Let's take a look at the Fujitsu F9600 PBX in detail. It includes a serial port for programming. Fault messages and system status and call detail also flow out of this port. It has an optional board with a synchronous 19.2Kbps TCSI interface known as TCSI. Considering the fact that it is a slow speed link, it seems unnecessary.
In addition, Fujitsu has their own telephony architecture built around a telephony server. This telephony server runs under SCO (ODT 3) Unix and provides a separate server for each port, as well as some application servers. A primary telephony server is used to control the TCSI interface through an Eicon HDLC/X.25 board. A second, separate server is used to control the programming port. Several applications can reside on the telephony server, each of which uses a separate server and communicates via TCP/IP sessions to the MML (PBX programming interface) and TCSI servers. In addition, an interface driver can be loaded under a separate machine running Novell Netware, along with Novell Netware Telephony Services, to provide a TSAPI interface to the PBX via the SCO machine.

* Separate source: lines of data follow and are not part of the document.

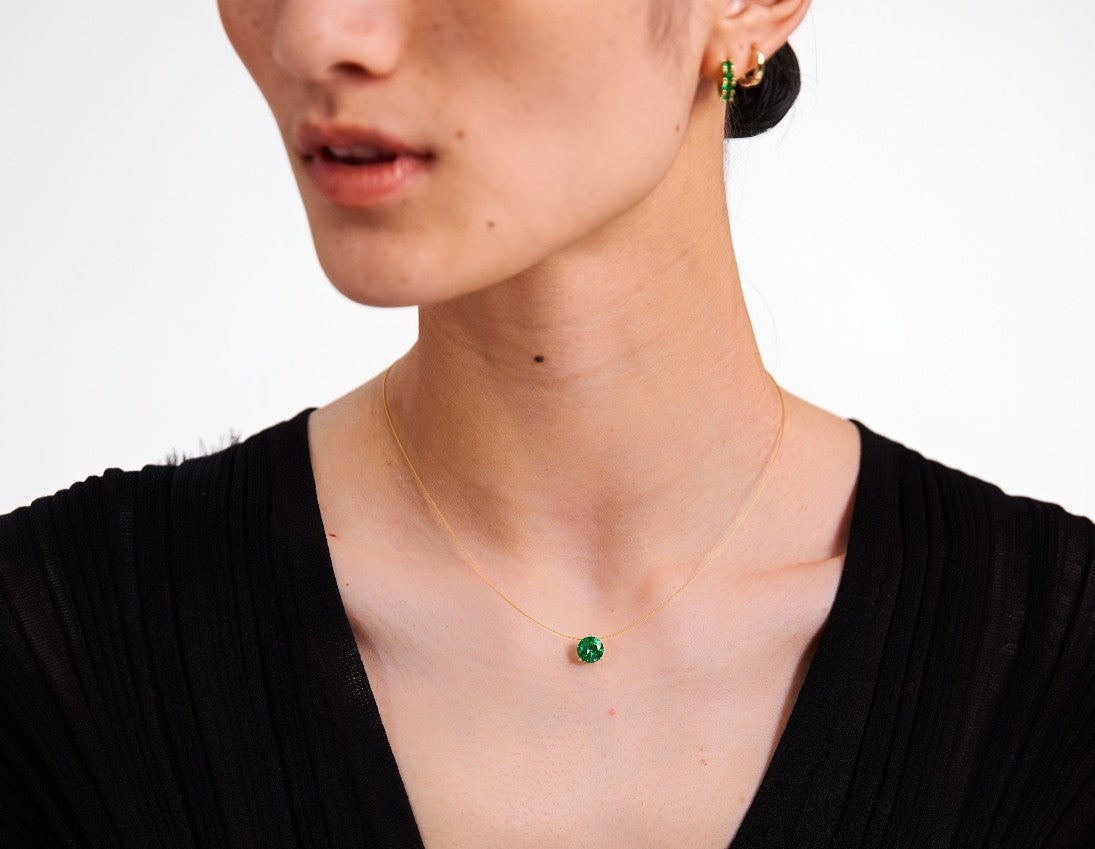 Person wearing a wire necklace with an emerald against a neutral background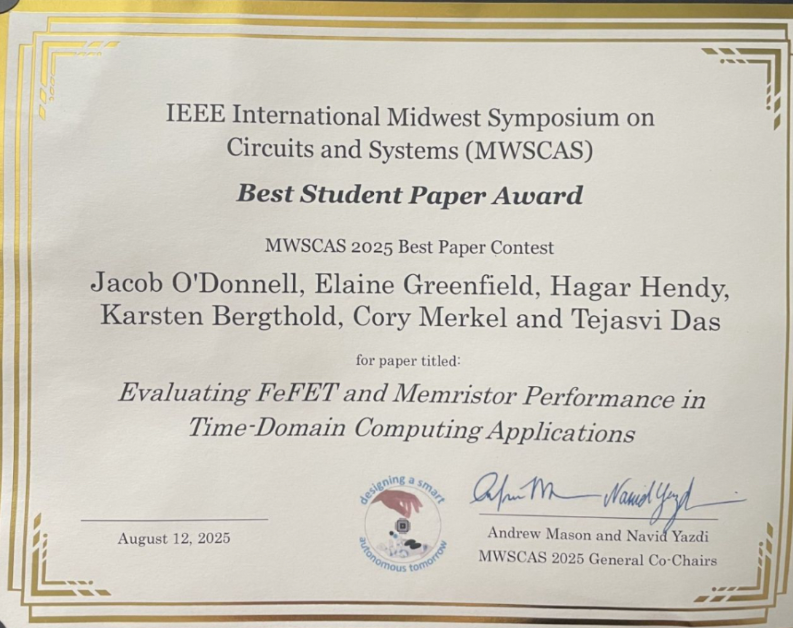 Photograph of the Best Student Paper Award. The certificate is white, with gold on the edges. 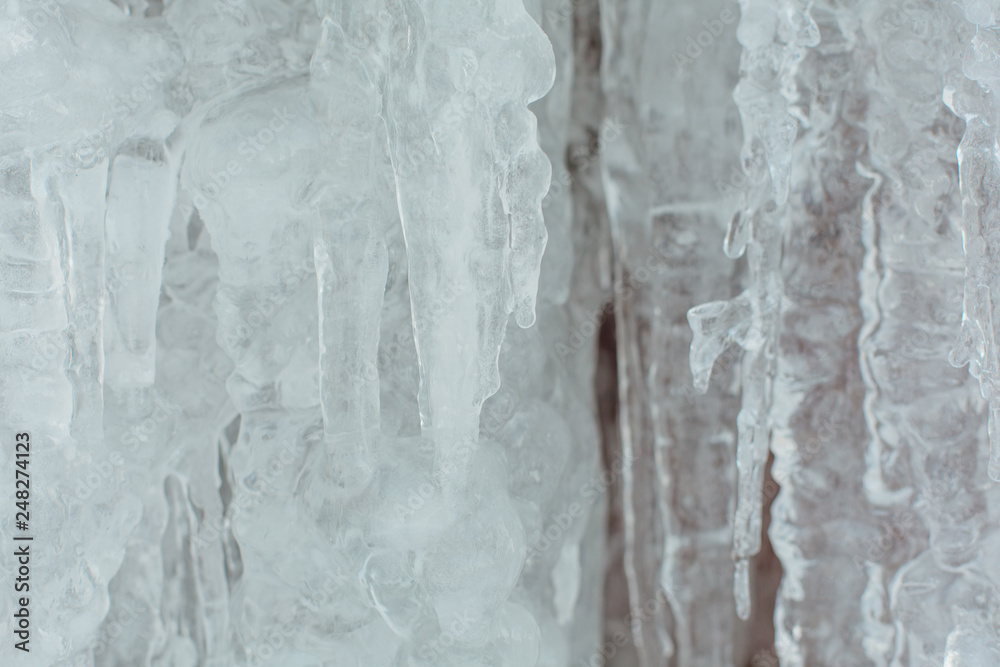 Very large and dangerous icicles close up Very large and dangerous icicles close up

The multi-tiered server structure Fujitsu uses enables applications to directly utilize TCSI services, the MML interface or a generic universal API set (TSAPI). However, it uses two separate machines and operating systems to build this structure, and each low-level server is not directly aware of potentially useful information contained in the other.
Other vendors hide the low-level interface to the PBX completely and provide only a TSAPI (or TAPI) interface for their switch. These interfaces use only the information found on one port (the call control port) and ignore information available on the programming port and the potential to create remote network administration through the universal API.
In fact, the universal API concept as expressed in TAPI and TSAPI is based on creating a model PBX call control system as a server. A single API and single protocol is used between the application and this universal server. The server is then implemented by providing a lower level driver (service provider interface) to figure out how this generic PBX model applies to the peculiarities of the vendor's specific hardware and call control model.
The single-model API fails in one of two ways. First, some features of the model API are not available under a specific vendor's low-level SPI driver due to the inability to represent and recreate specific functionality within the universal call control model. Second, really neat and unique features the vendor may support beyond the basic universal model are unavailable unless, like Fujitsu, a second direct protocol server is provided.
To solve these and other problems in advanced integration for free and open systems, I completely abandoned the universal API and single protocol hierarchical model used in TSAPI and TAPI. I feel a better solution is a multi-protocol ``TServer'' used as a single unified server and network point of entry for access to all services that can be made network accessible from a telephony switch:
The Panasonic DBS is a widely used digital Hybrid Key system (not to be confused with the Panasonic KXT). The choice of creating a model server around the DBS was predicated on both immediate familiarity with the internals of this switch and availability of hardware on which to test.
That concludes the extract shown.